DOCUMENTOS             


Nome: BALÉM, João Maria & COSTA, Adroaldo Mesquita. Antônio Leite Costa. 1952.

Descrição:

BALÉM, João Maria, Monsenhor. A Paróquia de S. José de Taquari no bicentenário da colonização açoriana no Rio Grande do Sul (1752-1952). Porto Alegre: A Nação, s/d, p. 159-161.
 
Antônio Leite Costa
 
Como preito de saudade ao jovem acadêmico, Antônio Leite Costa, falecido no desastre de avião no dia 2 de agosto de 1949, em Jaquirana, municipio de São Francisco de Paula, e cujos restos mortais repousam no cemitério de Taquari, transcrevemos a seguinte:
CRÔNICA de Monsenhor Henrique de Magalhães, lida ao microfone da "Rádio Jornal do Brasil", do Rio de Janeiro.
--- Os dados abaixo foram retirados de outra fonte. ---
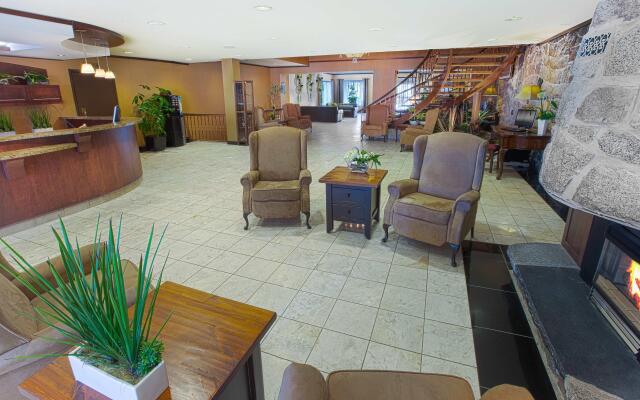 Hotel Universel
"Sempre que nos chegam notícias de acidentes, de catástrofes, sentimos constrangido o coração. Ainda recentemente o incêndio do avião da VARIG, que do Rio demandava a Porto Alegre, causou a todos emoção profunda; tanto mais que os passageiros eram jovens estudantes, em vidas em pleno desabrochar. Para mim outro motivo de pesar profundo, a morte de Antônio Leite Costa - o Antônio, como todos o chamávamos.
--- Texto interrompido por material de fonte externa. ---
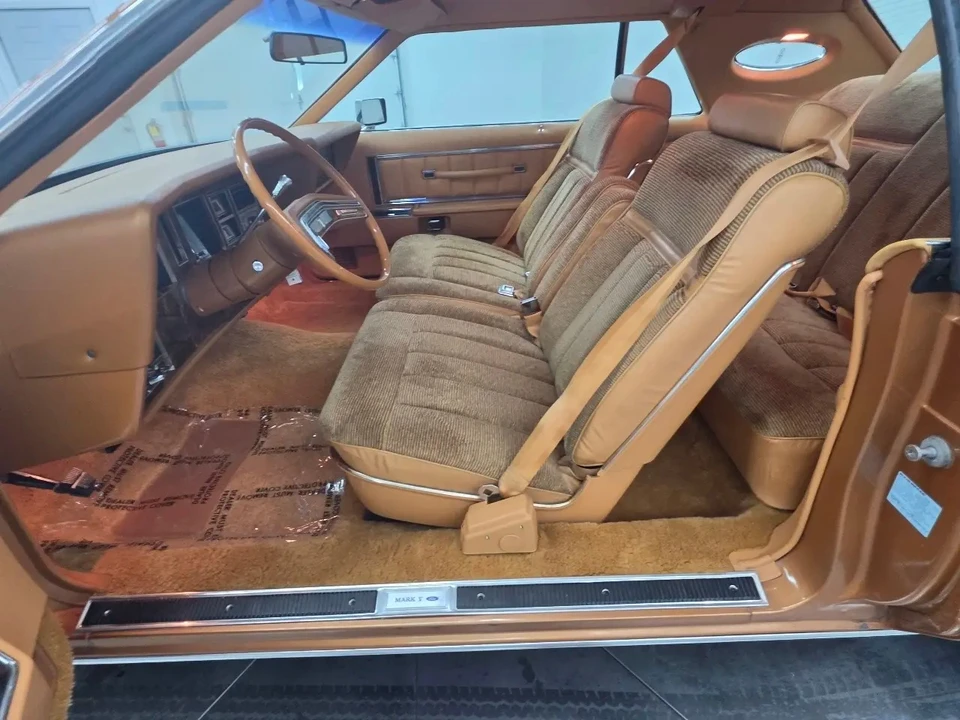 1978 Lincoln Continental 5th Gen - Image 23 of 31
Conheci-o na capital gaúcha, por ocasião do V Congresso Eucarístico Nacional. Eu fazia parte da comitiva do Cardeal Legado Pontifício, ficando hospedado em casa dos pais de Antônio, o ministro da Justiça Adroaldo Mesquita da Costa e dona Cecy, sua prendada esposa. Comecei logo a admirar o jovem que todos cativava pelos seus extraordinários dotes de espírito e de coração. Era o nosso companheiro inseparável e diligente "cicerone" e em tudo se saía maravilhosamente; ora na direção do volante do automóvel, ora ao nosso lado, contava histórias, fazia-nos rir, recordava tradições gaúchas, lembrava cenas pitorescas, falava a linguagem dos colonos, arremedando-os naquele meio dialeto... Todas as informações possíveis e imagináveis o Antônio sabia dá-las como ninguém.
Esse rapaz, quase menino, orçava então pelos 18 anos. Entretanto, no cumprimento de seus deveres, tinha a sisudez da idade madura. Era o administrador das propriedades do pai em Taquari e cuidava de tudo primorosamente. Estava concluindo seu curso de agronomia e veterinária, todavia desde os 16 anos sabia tratar das plantas e do gado como um velho fazendeiro. Fazia negócios de chãos e de animais com justeza e critério, e o pai sempre aprovava e louvava tão perfeito "administrador" que era a honestidade em pessoa e sabia zelar pelos bens da família, procurando sempre aumentá-los e valorizá-los. Agora emsmo ele tinha quase concluído um bom negócio, a compra de grande mata, por apenas sessenta mil cruzeiros. O dono da mata procurou o pai de Antônio e lhe fez ver... o rapaz estava para ultimar o negócio... entretanto... se o dr. Adroaldo não achasse conveniente... E este, sem vacilar, respondeu: "Meu filho queria o negócio? Eu também o quero! Considero como feito o que o Antônio desejou fazer". Disse, sem ver a mata, sem perguntar mais coisa alguma. Tinha absoluta confiança no filho.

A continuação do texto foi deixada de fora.